Sleep robs me of my life.
I don’t mean to be overly hyperbolic (just appropriately hyperbolic). But I really do feel this way. It is a plague to me, a horrific affliction from which I suffer that renders me unconscious for about one-third of my life. I cannot create, I cannot be productive, I cannot educate or enrich myself, I cannot even nourish myself. For a block of hours every single freaking day, I am, essentially, a corpse.
For most of my life, my aversion to sleep was returned by sleep itself: I am, if left entirely to my own devices, an insomniac anyway. I would worry, I would plan, I would fantasize, and then worry some more, and all of that brain-churning would prevent me from entering a sleep state. There were times in my life in which I was nearly debilitated from lack of sleep.
I have almost no trouble getting to sleep anymore. Because now I have two small children and a fully-engaging job, and the exhaustion simply takes over. Sleep happens, whether I like it or not.
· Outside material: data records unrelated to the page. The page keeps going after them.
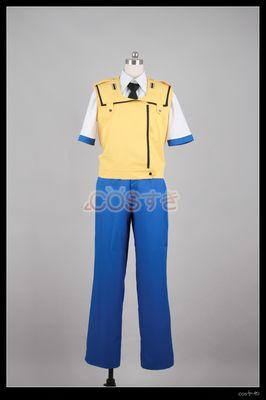 【2点購入で150OFF】【短納期】機動警察パトレイバー 特殊車輌二課第2小隊隊服 コスプレ衣装 コスプレ衣装 COS 高品質 新品 Cosplay アニメ コスチューム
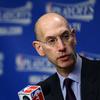 liga NBA komisar Adam Silver odziv na rasizem Donalda Sterlinga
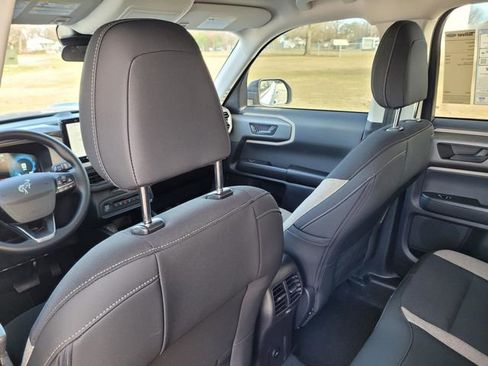 New 2025 Ford Bronco Sport Big Bend image 27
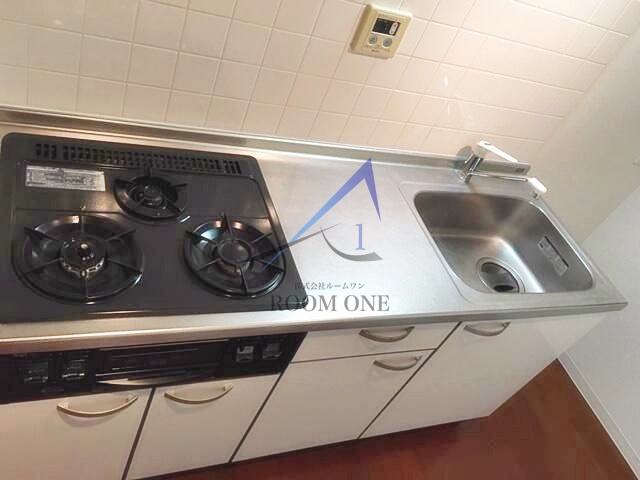 キッチン　キッチンです。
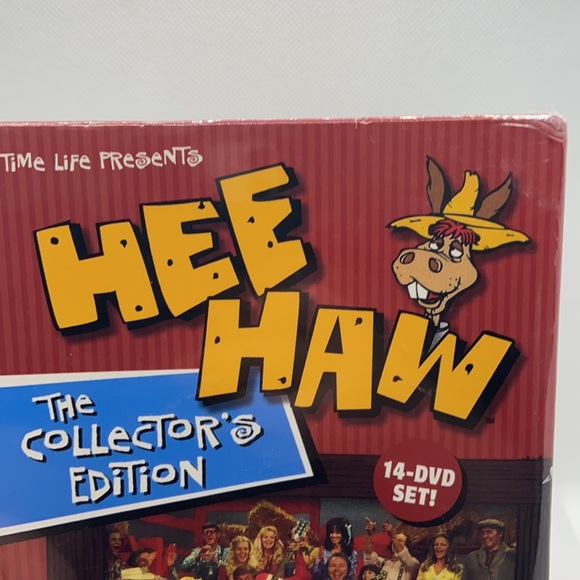 Hee Haw: The Collector’s Edition  Complete Series 14 DVD Box Set Sealed - Picture 8 of 9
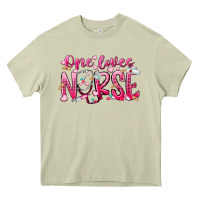 Mossy one loves nurse Heavy Core Tee - RacoonDesign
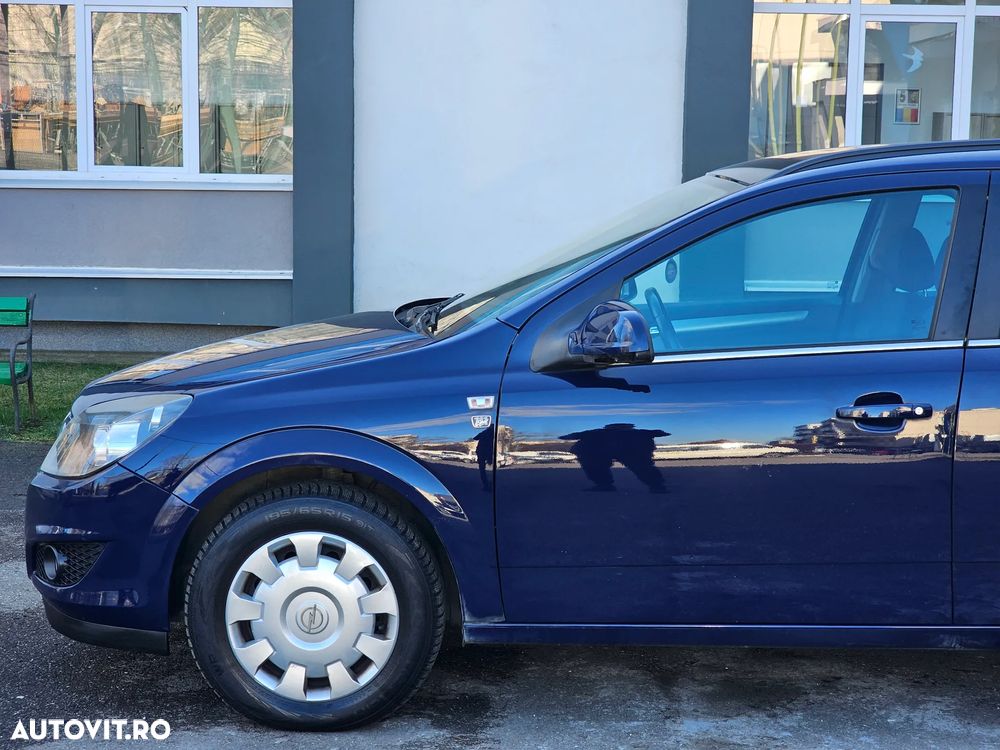 Opel Astra 1.7 CDTI - 23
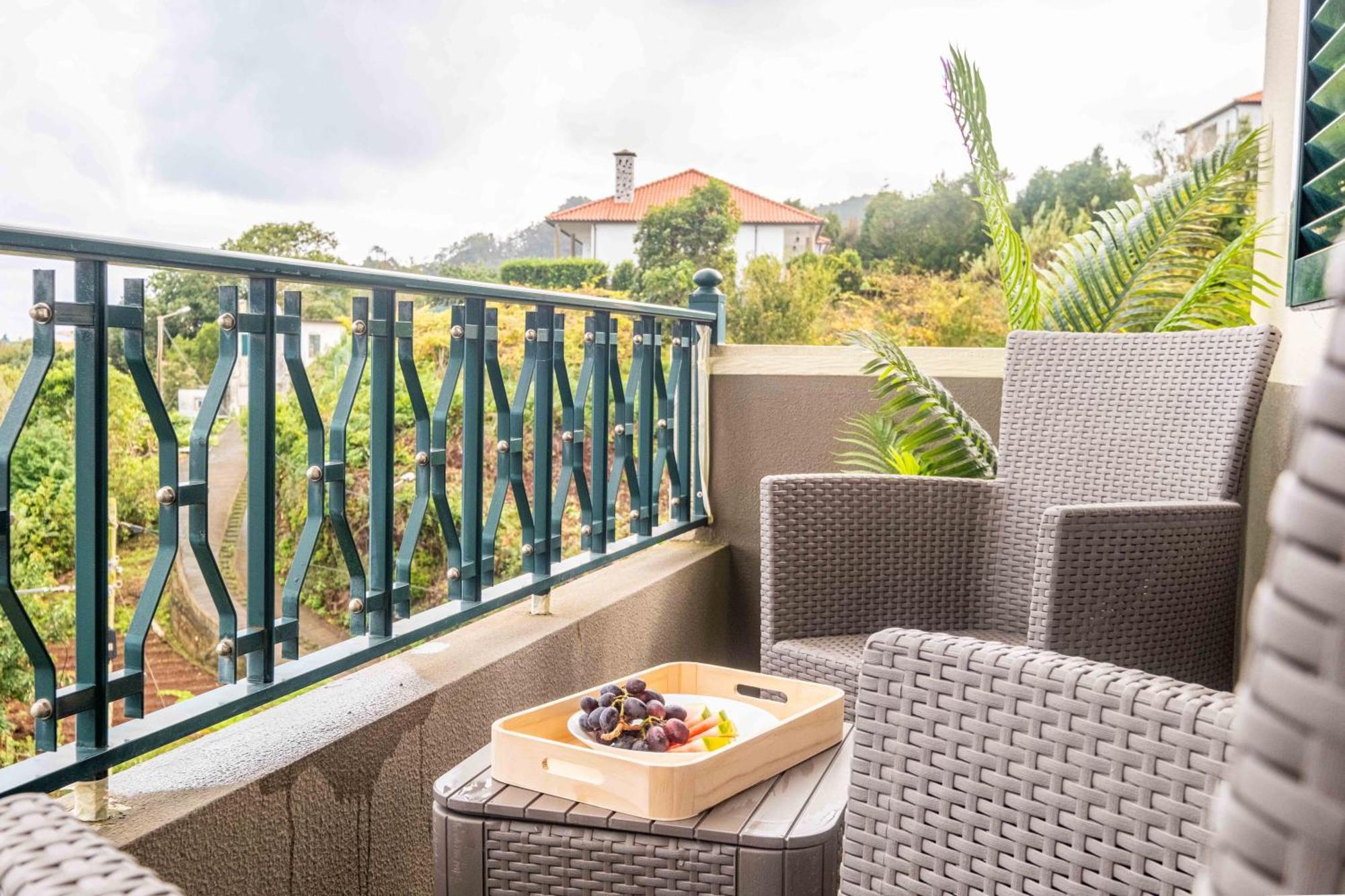 Villa Garden Santana By Your Key Exterior photo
Until lately, I’ve been at something of a detente with sleep. I knew it would come, and it could pull the rug out from under my consciousness without warning, but at least it wouldn’t force itself upon me until somewhat late in the evening. Long after the children had gone to sleep, and even well after my wife had happily surrendered to slumber (she does not have an adversarial relationship with sleep as I do), I would stay up.
Doing what, exactly? It doesn’t matter, really. Mostly being alone. Perhaps reading, writing, dicking around on the web, maybe enjoying a podcast in the background of a game (okay, a marathon) of Bejeweled Blitz, whatever. The point was that it was my time. My precious, sacred, blessedly quiet, nobody-needs-anything-from-me time.
I have been clinging to that time, but I am losing my grip.
I am 35 years old. June 1 was my half-birthday, so technically, I’m now in my late thirties. With the children, the job, and the decay of my corporeal being, it is becoming apparent that I can no longer wage this battle with sleep as I have been.Mornings, always difficult for me, are extremely difficult, as just the act of getting out of bed to care for my children (energetically awake at ungodly hours), is a colossal struggle. During work hours, I am growing ever-foggier, almost dizzy with sleepiness, and far too early in the day to chalk up to being “overworked.” In my after-work time with my family, which involves herculean efforts as it is, I am far too burdened by the weight of my fatigue. By the time my Paul-time arrives, I am spent. I sit on the couch like a pile of sludge. I have no energy to create, to write, to read — all I can do, really, is have something on TV. And even then, I drift. My grip on wakefulness, tenuous to begin with, is broken far too quickly.
I am forced, with deep regret, to admit that a surrender is in order. Sleep? You win. It’s like the Rock Biter in The NeverEnding Story, who, once confident of his standing within his particular domain, realizes he is helpless against The Nothing.
I’m going to have to check out of the day earlier in the evening. I don’t see much of a choice anymore. The detente is over. The enemy has advanced to the point where my only hope is to negotiate a peace so that I can at least have a modicum of sovereignty over my consciousness’s rump state.
I have to hope that the benefits will be palpable and quick to come. More wakefulness throughout the day would certainly aid me professionally, make me a better dad and husband, and generally make the day more bearable, less of a struggle, and more of a “life.”
But I can’t help but feel a twinge of panic over the hours I am bound to lose to the disease of sleep. Life is so goddamned short as it is. The days are so short already. Losing more of them to nothingness is kind of terrifying to me, especially as I get older. But I amolder, and my body clearly demands more nothingness.
Hopefully, for the remaining somethingness, I will be more present. I better be, or I will feel entirely screwed.